[Goal of the exercise]: Could you transcribe every record below exactly, leaving out any pictures?

[Data to use]:

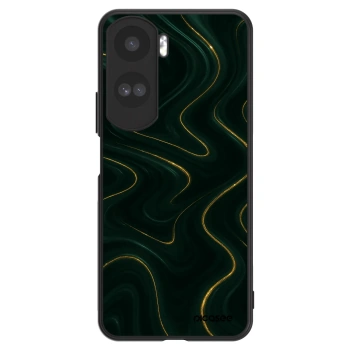 Obal pre Honor 90 Lite 5G - Vawes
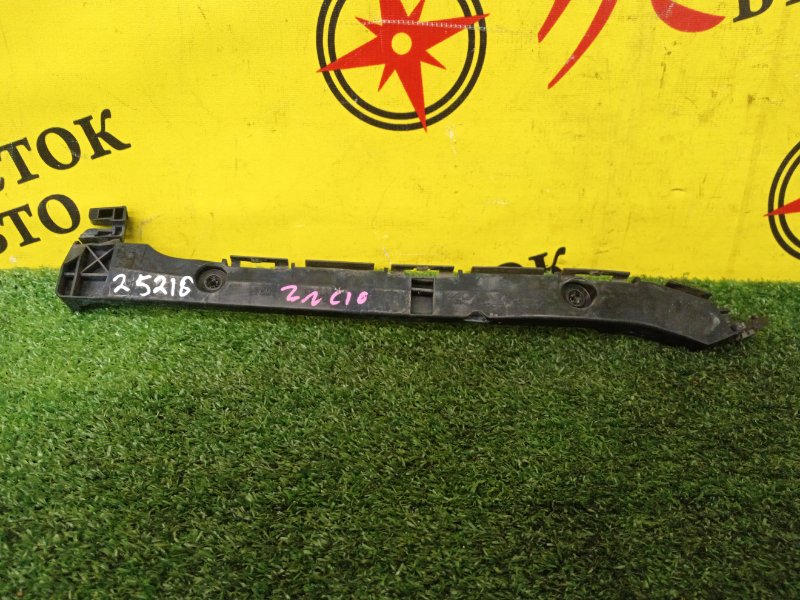 Клипса бампера, 1200 рублей, Красноярск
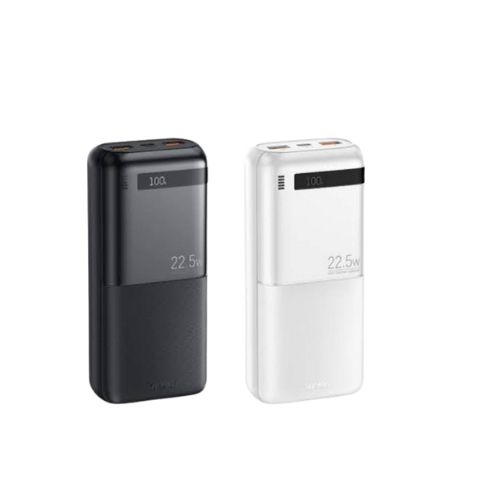 Remax RPP-72 | Power Banks
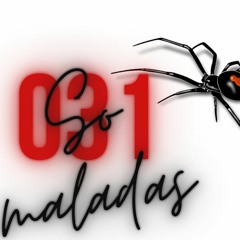 VIDA DE LADRÃO - MC J MITO E DJ NATTAN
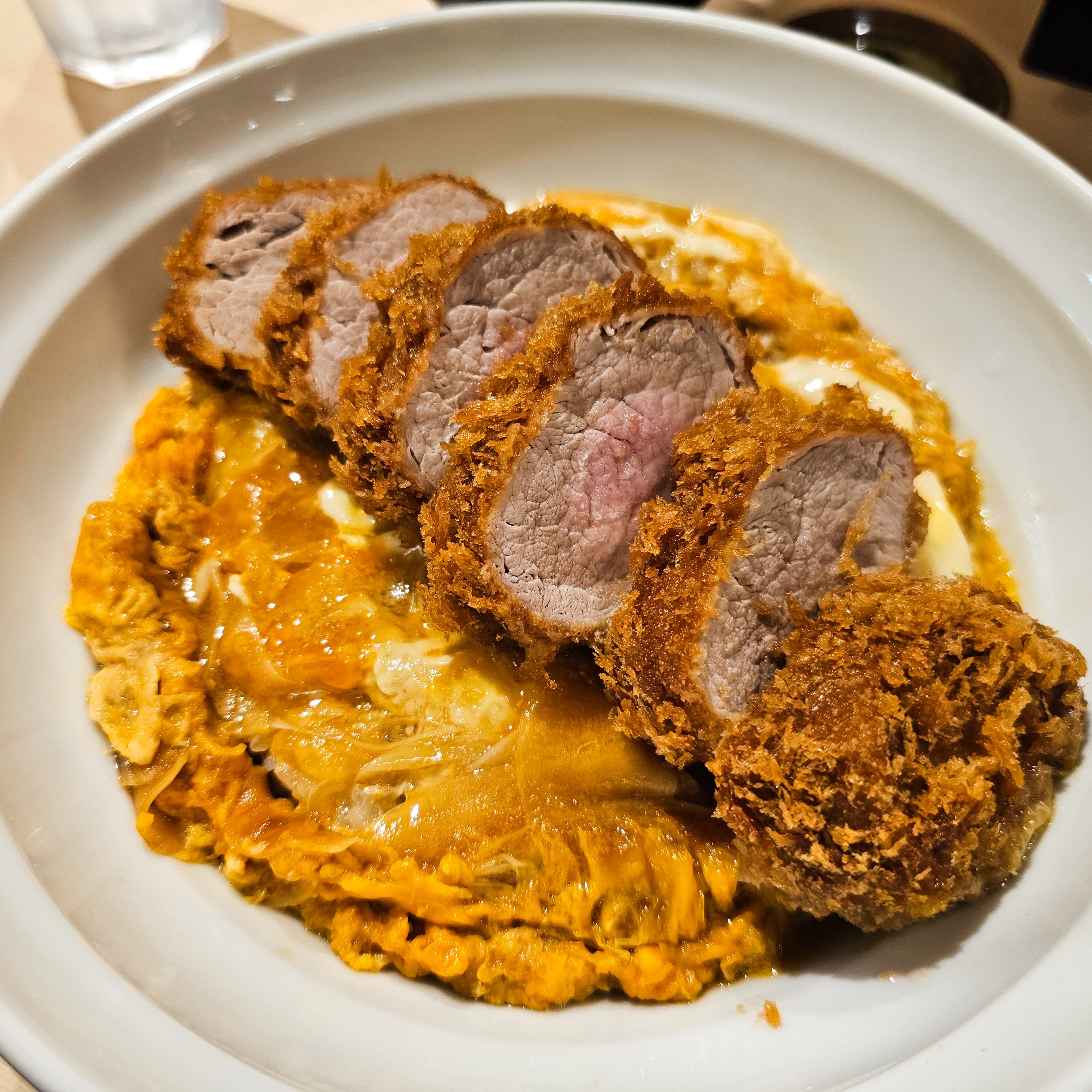 f:id:tt-suzukiit:20230510202346j:image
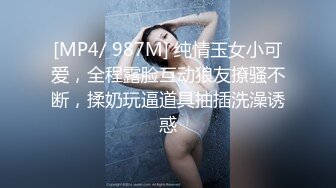 STP15217 吴MM在Swag平台中火辣演出随机抽粉丝ooxx.多场合露出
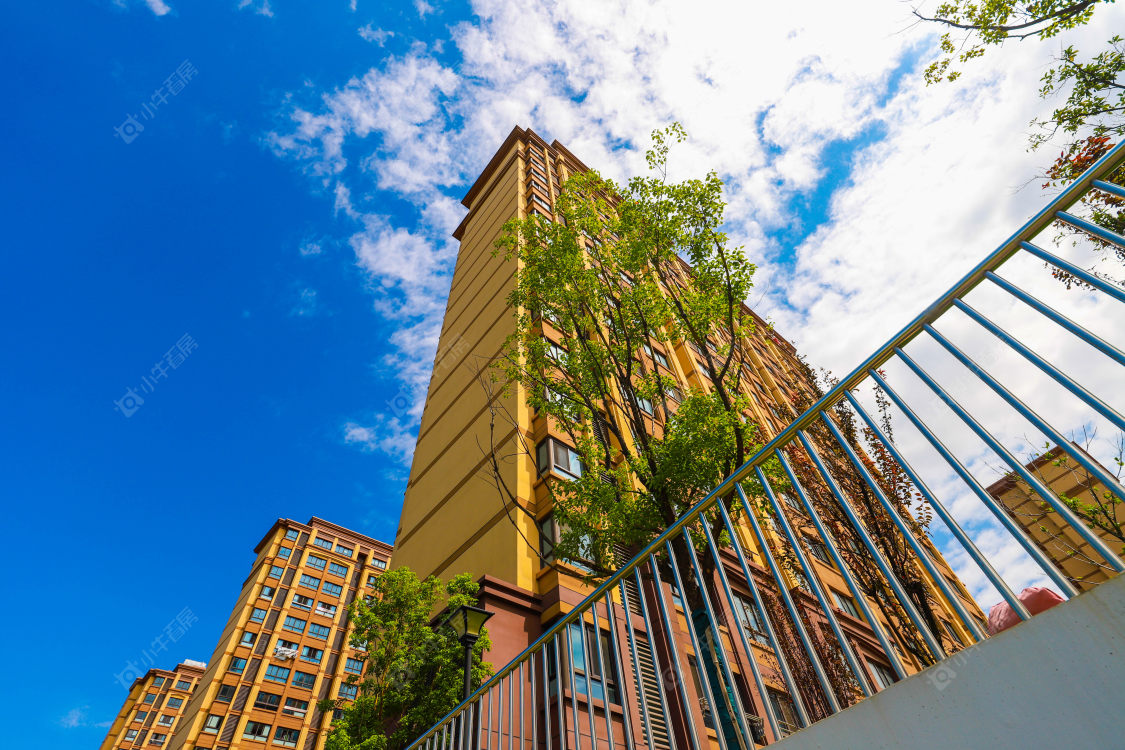 苏州新悦花苑小区_新悦花苑小区实景图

[Response to this exercise]:
 Obal pre Honor 90 Lite 5G - Vawes
 Клипса бампера, 1200 рублей, Красноярск
 Remax RPP-72 | Power Banks
 VIDA DE LADRÃO - MC J MITO E DJ NATTAN
 f:id:tt-suzukiit:20230510202346j:image
 STP15217 吴MM在Swag平台中火辣演出随机抽粉丝ooxx.多场合露出
 苏州新悦花苑小区_新悦花苑小区实景图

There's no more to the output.